[Source material]:
● ● ● ●
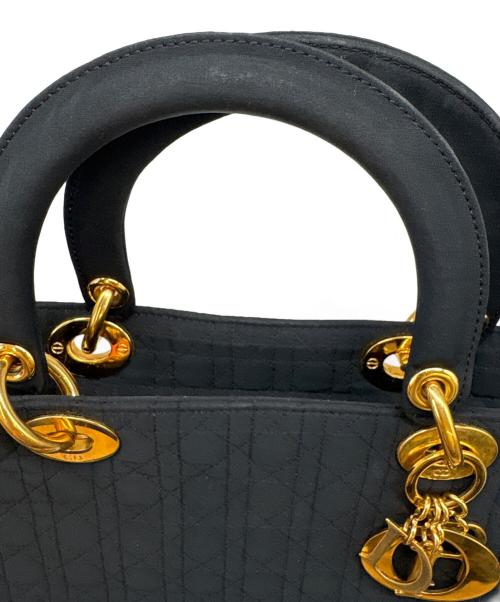 Christian Dior（クリスチャン ディオール）Christian Dior (クリスチャン ディオール) Christian Dior　カナージュ　トートバッグ ブラックの古着・服飾アイテム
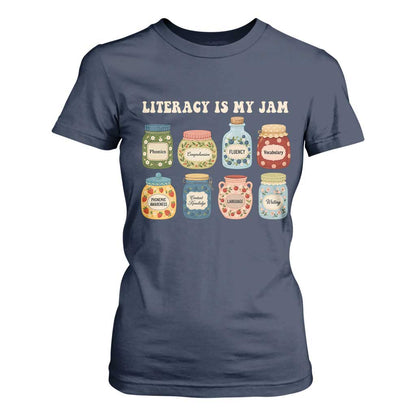 Literacy Is My Jam T Shirt For Women SPED Teacher Special Education Life Dyslexia Reading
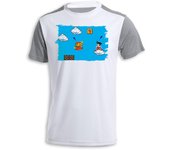 CAMISETA BICOLOR GOKU RETRO 8 BITS DRAGON BALL tshirt super_mario nintendo videojuegos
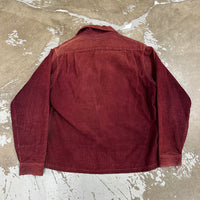 1940’s/50’s Spiegel Sun Faded Burgundy Corduroy Shirt Medium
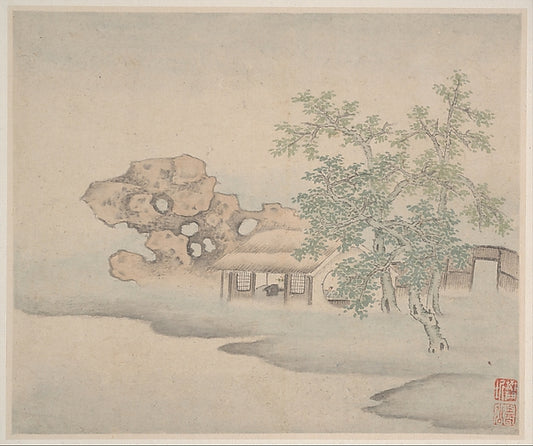     ,Landscapes dated 1646-Fan Qi,16x12"(A3)Poster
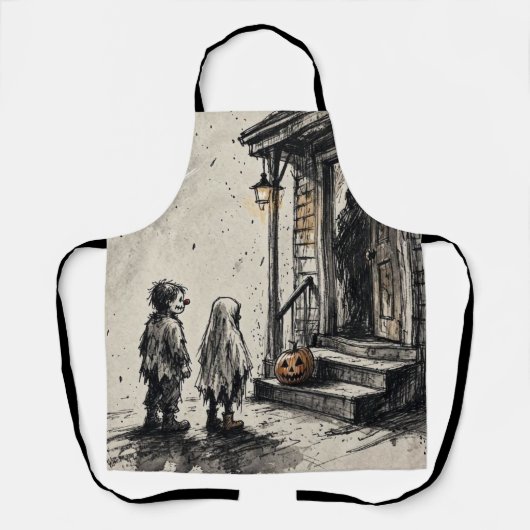 Süßes oder Saures Halloween-Horror Schürze (Vorderseite)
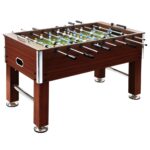 Football Table Steel 60kg 140x74.5x87.5cm Brown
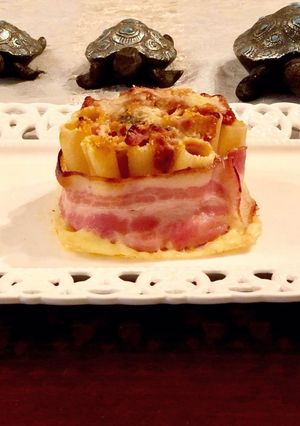 Φωτογραφία της συνταγής RIGATONI με μπέικον
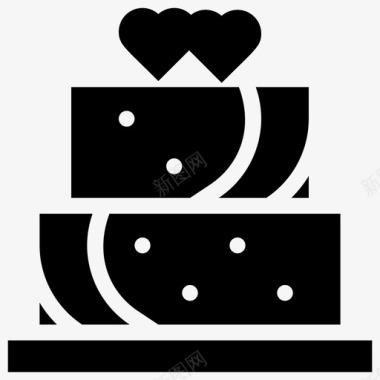婚礼蛋糕素材婚礼蛋糕甜点爱情图标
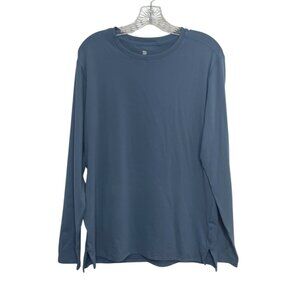 All In Motion Long Sleeve Workout Shirt Mens Medium Stability Blue New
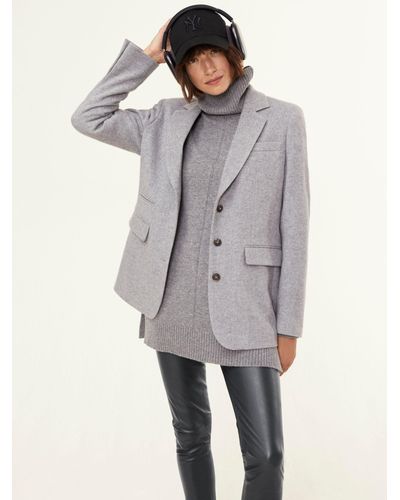 Baukjen Gaya Wool Blend Blazer - Grey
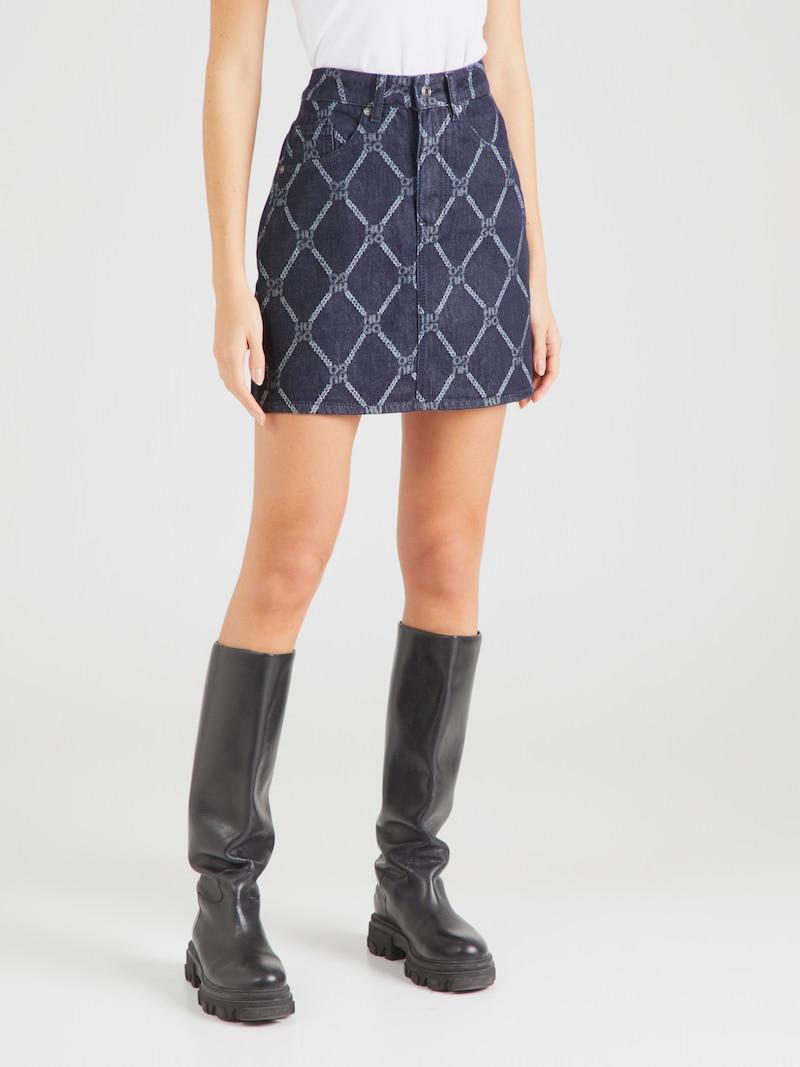 Sinned X About You Falda 'Gebisi' HUGO En Navy Azul Pastel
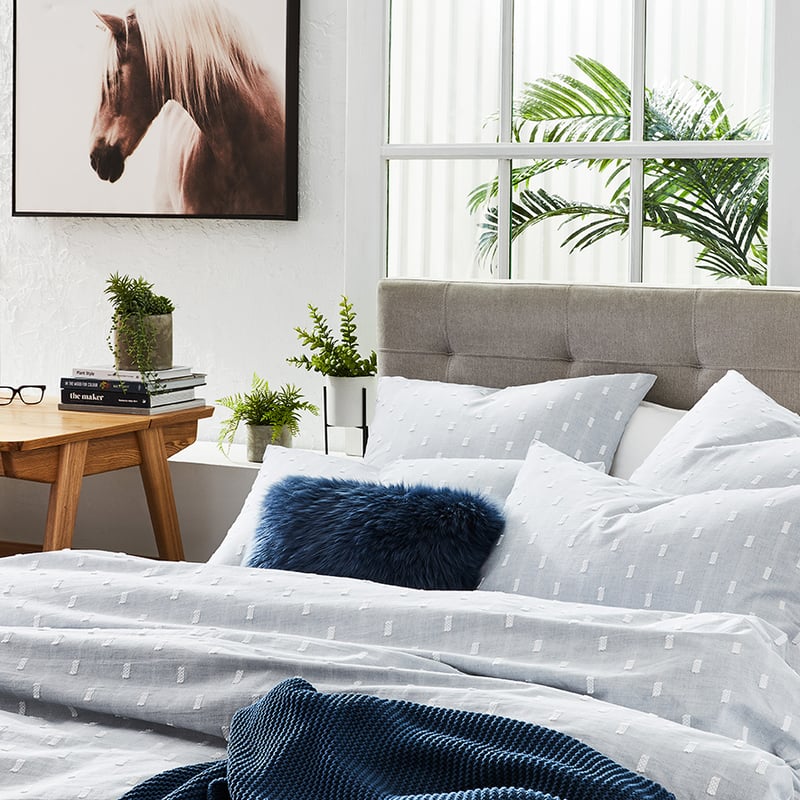 Hides Silver Quilt Cover Set + Separates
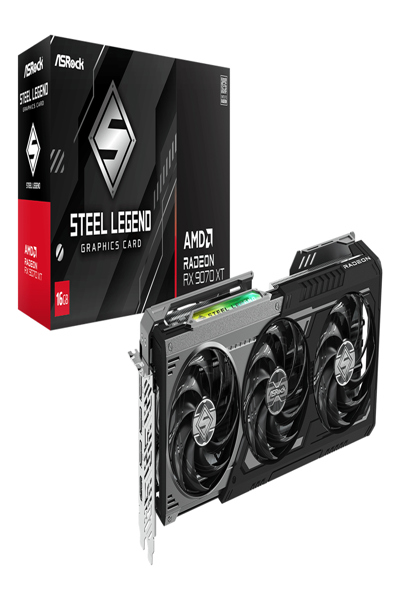 ASRock Steel Legend Radeon RX 9070 XT Dark 16GB - 90-GA5VZZ-00UANF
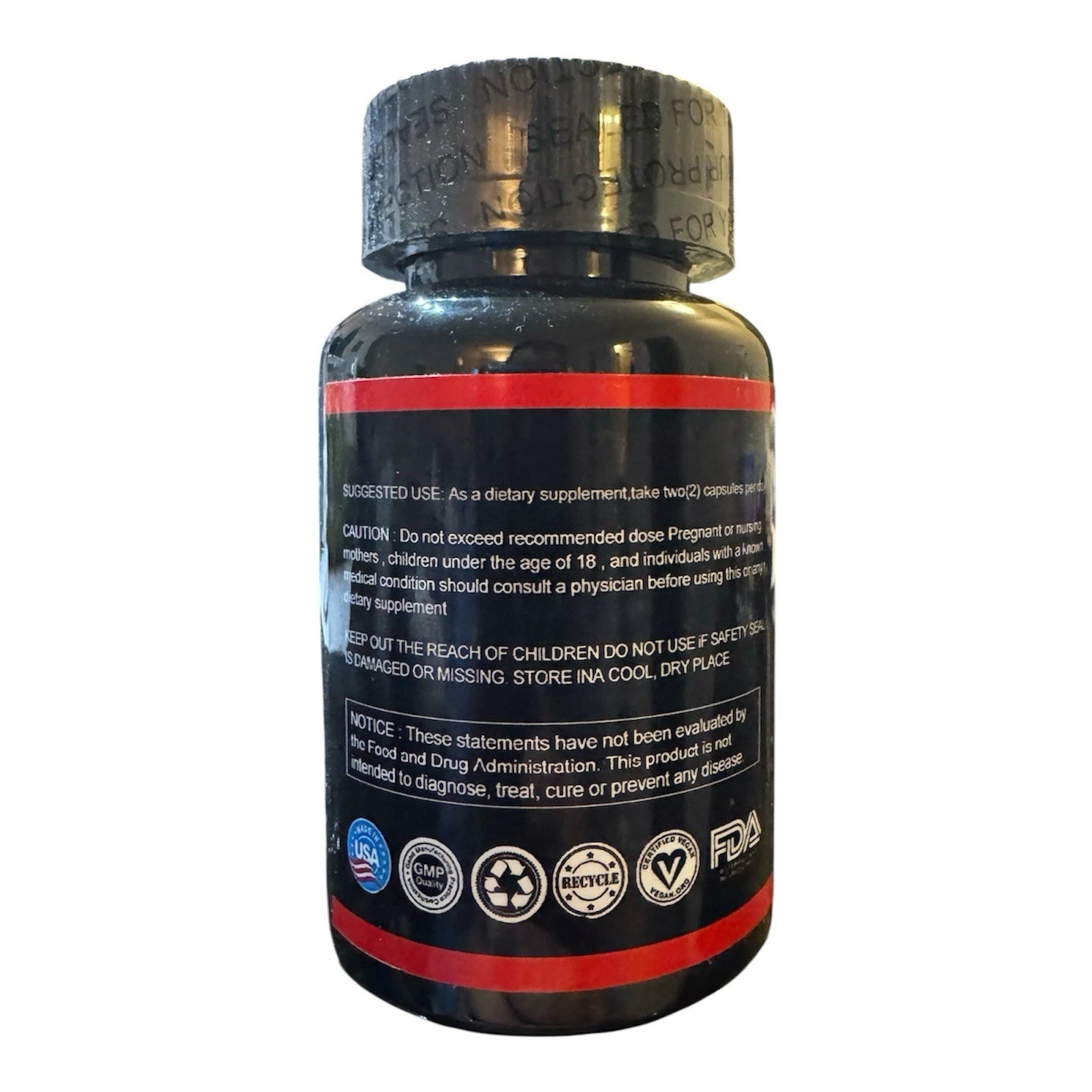 Midakolla Men’s Testosterone Booster Stamina Endurance Strength 60 Caps, NEW!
● ● ● ●
[Requirement]: Each entry above should be printed again word for word, with any picture dropped.

[Written answer]:
 Christian Dior（クリスチャン ディオール）Christian Dior (クリスチャン ディオール) Christian Dior　カナージュ　トートバッグ ブラックの古着・服飾アイテム
 Literacy Is My Jam T Shirt For Women SPED Teacher Special Education Life Dyslexia Reading
 CAMISETA BICOLOR GOKU RETRO 8 BITS DRAGON BALL tshirt super_mario nintendo videojuegos
 1940’s/50’s Spiegel Sun Faded Burgundy Corduroy Shirt Medium
     ,Landscapes dated 1646-Fan Qi,16x12"(A3)Poster
 Süßes oder Saures Halloween-Horror Schürze (Vorderseite)
 Football Table Steel 60kg 140x74.5x87.5cm Brown
 Φωτογραφία της συνταγής RIGATONI με μπέικον
婚礼蛋糕素材婚礼蛋糕甜点爱情图标
 All In Motion Long Sleeve Workout Shirt Mens Medium Stability Blue New
 Baukjen Gaya Wool Blend Blazer - Grey
 Sinned X About You Falda 'Gebisi' HUGO En Navy Azul Pastel
 Hides Silver Quilt Cover Set + Separates
 ASRock Steel Legend Radeon RX 9070 XT Dark 16GB - 90-GA5VZZ-00UANF
 Midakolla Men’s Testosterone Booster Stamina Endurance Strength 60 Caps, NEW!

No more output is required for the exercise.